Imports are what is important. In his 1848 Principles of Political Economy, John Stuart Mill explained it well:

[T]he only direct advantage of foreign commerce consists in the imports. … The vulgar theory [of protectionism] disregards this benefit, and deems the advantage of commerce to reside in the exports: as if not what a country obtains, but what it parts with, by its foreign trade, was supposed to constitute the gain to it. … This notion is intelligible, when we consider that the authors and leaders of opinion on mercantile questions have always hitherto been the selling class. It is in truth a surviving relic of the Mercantile Theory.

Let’s break off from the mercantilism of the selling class. American consumers should relax and enjoy the unrequested generosity and mercantilist mistakes of the Chinese state. The federal government should not interfere with this enjoyment, whatever the producers’ lobbyists say.
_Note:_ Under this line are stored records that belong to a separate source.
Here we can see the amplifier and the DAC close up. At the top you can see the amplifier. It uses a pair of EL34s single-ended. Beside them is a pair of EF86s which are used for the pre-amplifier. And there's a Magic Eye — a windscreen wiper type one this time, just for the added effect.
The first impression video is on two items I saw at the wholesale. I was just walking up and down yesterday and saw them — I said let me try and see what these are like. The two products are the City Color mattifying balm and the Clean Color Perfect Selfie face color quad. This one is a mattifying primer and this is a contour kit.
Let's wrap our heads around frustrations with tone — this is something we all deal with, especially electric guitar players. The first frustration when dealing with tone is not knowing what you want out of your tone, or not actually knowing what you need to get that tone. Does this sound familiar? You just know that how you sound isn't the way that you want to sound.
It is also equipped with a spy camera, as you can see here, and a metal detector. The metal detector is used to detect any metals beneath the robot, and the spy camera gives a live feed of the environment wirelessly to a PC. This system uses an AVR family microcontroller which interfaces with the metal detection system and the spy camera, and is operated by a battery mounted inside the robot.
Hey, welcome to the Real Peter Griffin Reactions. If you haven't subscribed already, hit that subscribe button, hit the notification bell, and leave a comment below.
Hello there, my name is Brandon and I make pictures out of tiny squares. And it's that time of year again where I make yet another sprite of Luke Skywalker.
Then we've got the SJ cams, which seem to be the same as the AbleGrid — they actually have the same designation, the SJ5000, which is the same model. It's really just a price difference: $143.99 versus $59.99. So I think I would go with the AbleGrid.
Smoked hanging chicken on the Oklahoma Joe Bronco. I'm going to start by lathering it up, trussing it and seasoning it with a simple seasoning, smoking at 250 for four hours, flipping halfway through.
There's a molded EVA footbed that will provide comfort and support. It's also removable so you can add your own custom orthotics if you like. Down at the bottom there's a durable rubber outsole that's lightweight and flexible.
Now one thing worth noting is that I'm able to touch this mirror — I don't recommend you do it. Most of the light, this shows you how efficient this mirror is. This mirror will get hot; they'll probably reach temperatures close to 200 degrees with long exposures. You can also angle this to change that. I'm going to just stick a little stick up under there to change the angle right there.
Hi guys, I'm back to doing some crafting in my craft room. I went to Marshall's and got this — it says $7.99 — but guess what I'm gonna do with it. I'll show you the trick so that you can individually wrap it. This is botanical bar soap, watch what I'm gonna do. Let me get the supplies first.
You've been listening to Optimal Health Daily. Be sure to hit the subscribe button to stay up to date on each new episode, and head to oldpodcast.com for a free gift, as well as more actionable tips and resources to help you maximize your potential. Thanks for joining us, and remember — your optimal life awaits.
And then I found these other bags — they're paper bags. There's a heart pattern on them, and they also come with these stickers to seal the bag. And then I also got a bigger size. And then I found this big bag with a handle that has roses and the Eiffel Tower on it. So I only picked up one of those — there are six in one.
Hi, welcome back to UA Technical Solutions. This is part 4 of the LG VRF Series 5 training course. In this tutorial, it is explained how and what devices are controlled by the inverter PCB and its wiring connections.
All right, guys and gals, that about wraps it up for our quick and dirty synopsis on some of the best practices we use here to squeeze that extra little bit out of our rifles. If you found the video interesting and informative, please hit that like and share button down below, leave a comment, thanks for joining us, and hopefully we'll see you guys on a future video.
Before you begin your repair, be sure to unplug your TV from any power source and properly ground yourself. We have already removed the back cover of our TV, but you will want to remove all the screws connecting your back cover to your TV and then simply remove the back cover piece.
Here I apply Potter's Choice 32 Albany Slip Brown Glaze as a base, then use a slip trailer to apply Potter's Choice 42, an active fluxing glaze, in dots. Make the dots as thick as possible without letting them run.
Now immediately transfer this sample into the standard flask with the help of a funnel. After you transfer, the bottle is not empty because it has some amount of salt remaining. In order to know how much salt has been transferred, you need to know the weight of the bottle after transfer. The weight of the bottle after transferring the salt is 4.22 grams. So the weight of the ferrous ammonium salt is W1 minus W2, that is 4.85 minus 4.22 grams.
Moreover, a possibility exists that Chinese mercantilism would push American producers to new levels of efficiency, while tariff barriers will (if history is any guide) make them complacent, lazy, and crying for more protection.

Of course, as long as the government is able to grant privileges such as tariffs, treasure hunters will continue to swarm over the pot of consumers’ money. The real solution would be to devise institutional means to prevent Leviathan from interfering with free trade.